In a zip code with the city’s highest incarceration rate — including blocks where one in five boys will end up in prison as adults, according to the U.S. Census Opportunity Atlas — it seems almost everyone has someone locked away behind chain link and razor wire.

Dekeyser sees an urgent need to reach past those barriers. “If the community pulled together, there would be less crime,” he said. “It’s people not getting along.”

The event, an afternoon of music, food, and entertainment by a neighborhood magician, Quany the Clown, was supported by the Accelerator, a Village initiative to invest in creative projects that cultivate community safety and civic engagement. The Village paired Dekeyser with a collaborator and mentor, David Flores, a New York-based photographer who has worked on large-scale community portraiture projects, including a series of photos of immigrant families exhibited in New York City parks.

Despite the festive atmosphere, Aheer Goods, 45, sat in quiet contemplation, paper and prestamped envelopes spread in front of him. He knows people in prison who call themselves “the forgotten limb,” their connections to the outside frayed or altogether severed.

“I can relate to it, because I spent some time in there. I got some family members who are not ever coming home,” Goods said.

He was writing to a cousin, and to a friend he walked the prison yard with for seven years. “I have some sad news to share,” he said. “One of my childhood friends murdered another one. And I have to write to them and say I still don’t have an answer for why.”

It seems easy to end up in prison here — for some, almost inevitable.
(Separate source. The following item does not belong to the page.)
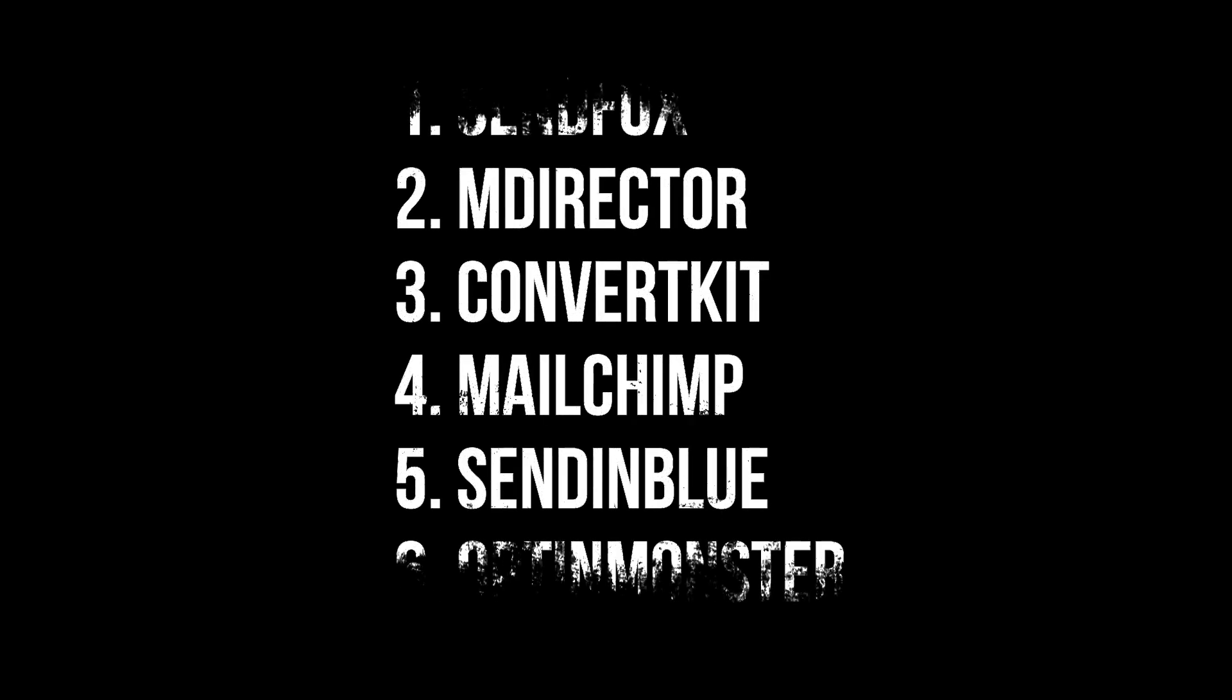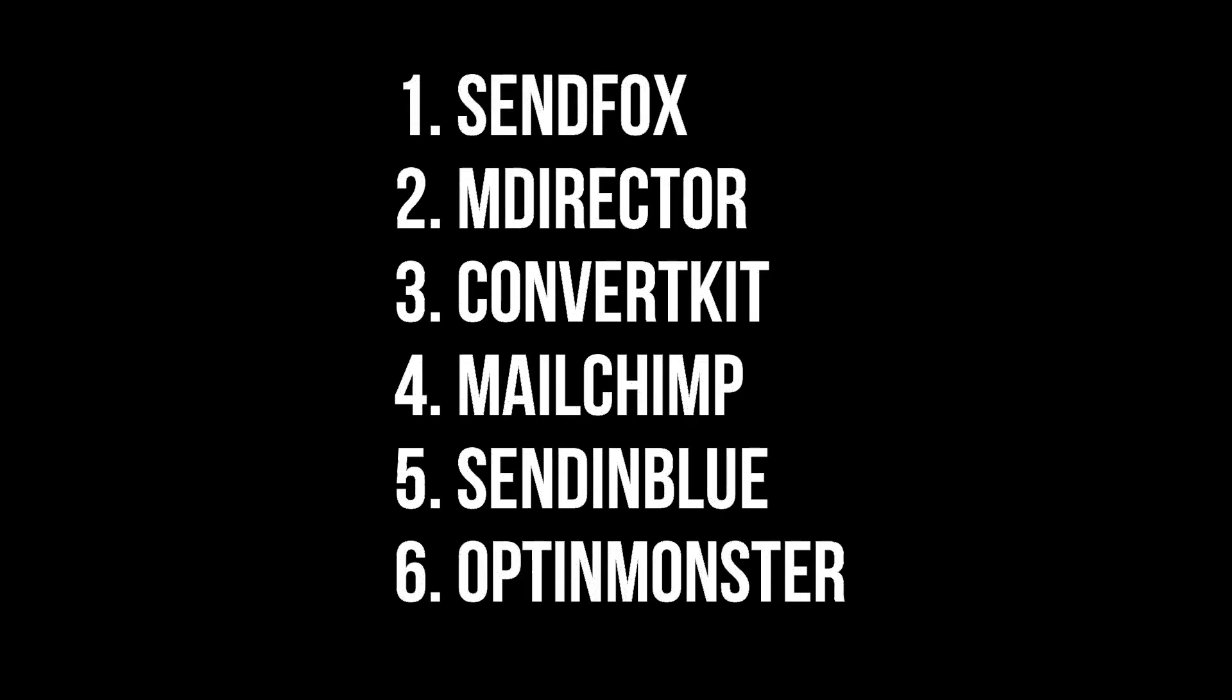Sendinblue, AWeber, ConvertKit, MailerLite, Sendy, and OptinMonster.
There aren’t enough options for young people, Dekeyser said; other than the Village, with its arts programs, there aren’t many sports leagues or after-school jobs.

Tyheed Hill, 25, home just one month from a four-year stint at State Correctional Institution Rockview, said he wants to reintegrate into law-abiding society, but a dead-end job search was eroding his motivation.

In addition to writing to his cousin and a friend from prison, Hill was drafting a letter to a stranger, Frankie Brown, one of a growing list of men who’d asked Dekeyser for a letter from someone, anyone, from back home.

“You got to come out with some plans,” Hill said, slouching into his chair. “That’s what I was telling Frankie Brown here. I came out with maybe two plans, and it’s not enough. It’s a fast world out here. Very fast.”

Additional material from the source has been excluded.